Required work:
Output only the lines below from the one holding "26 Shannon Street photo 7" down to the one holding "Casa de 3 dormitorios", both end lines included and every picture dropped.
*** Records for processing
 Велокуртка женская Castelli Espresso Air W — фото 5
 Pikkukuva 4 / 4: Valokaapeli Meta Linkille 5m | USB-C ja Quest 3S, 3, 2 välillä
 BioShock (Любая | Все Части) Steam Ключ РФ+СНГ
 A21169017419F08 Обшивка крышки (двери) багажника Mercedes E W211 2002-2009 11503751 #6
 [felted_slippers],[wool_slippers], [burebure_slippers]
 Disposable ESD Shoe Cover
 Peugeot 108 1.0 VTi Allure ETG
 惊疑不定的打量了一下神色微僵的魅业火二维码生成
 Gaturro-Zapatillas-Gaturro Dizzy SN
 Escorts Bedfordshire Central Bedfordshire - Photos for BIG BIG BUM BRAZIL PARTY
******
*** Records for processing
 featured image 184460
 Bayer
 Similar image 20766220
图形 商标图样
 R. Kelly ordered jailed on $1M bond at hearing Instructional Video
******
*** Records for processing
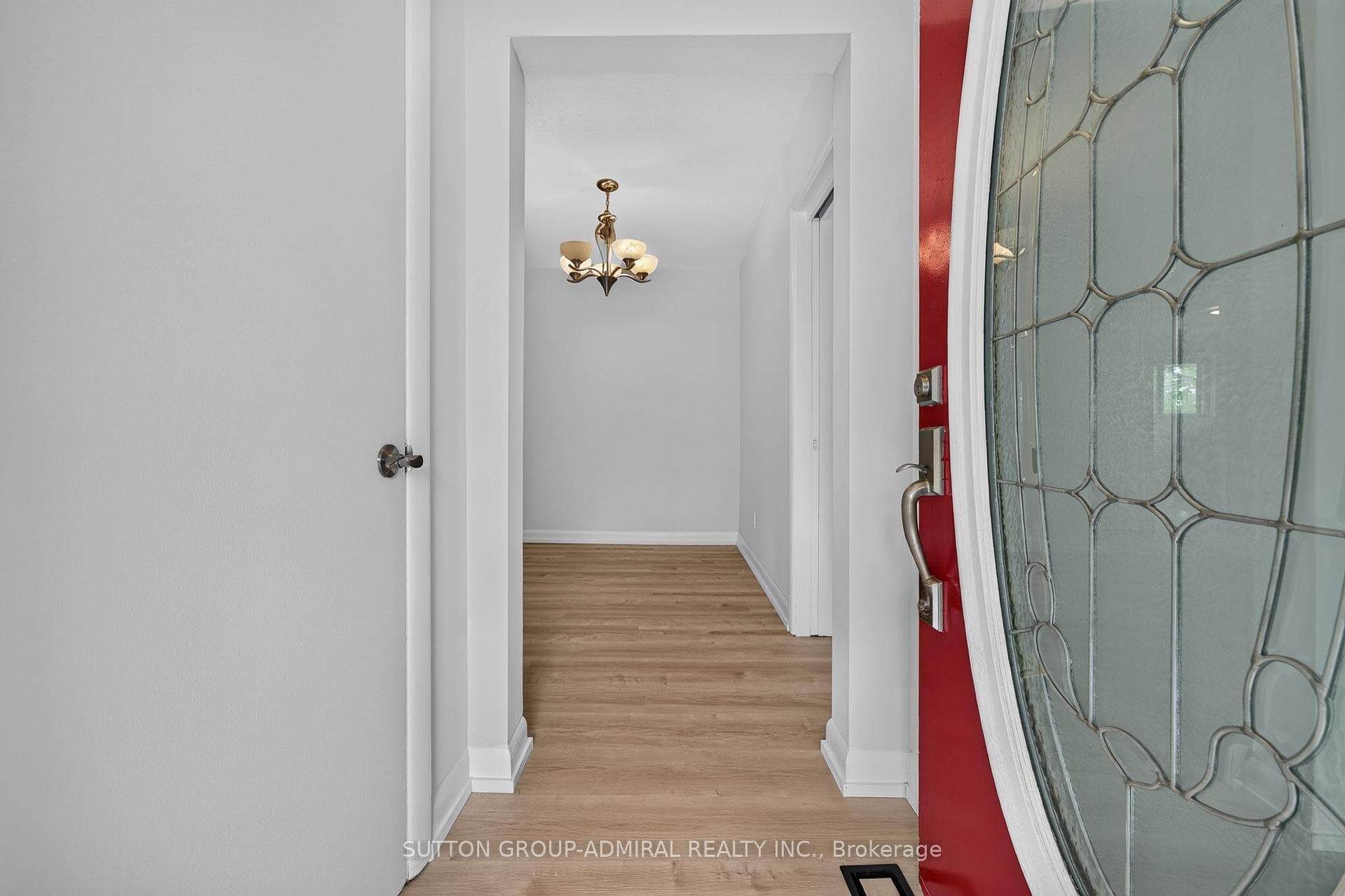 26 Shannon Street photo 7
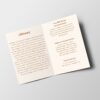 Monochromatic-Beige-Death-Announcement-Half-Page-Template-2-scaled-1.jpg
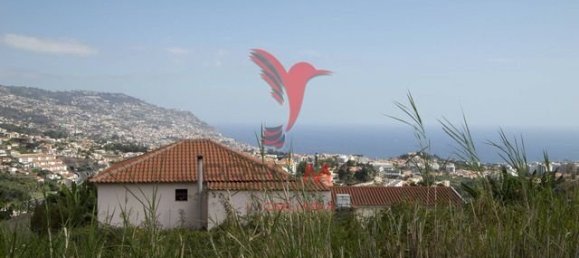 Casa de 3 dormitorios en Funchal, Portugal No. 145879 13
******
Written reply:
 26 Shannon Street photo 7
 Monochromatic-Beige-Death-Announcement-Half-Page-Template-2-scaled-1.jpg
 Casa de 3 dormitorios en Funchal, Portugal No. 145879 13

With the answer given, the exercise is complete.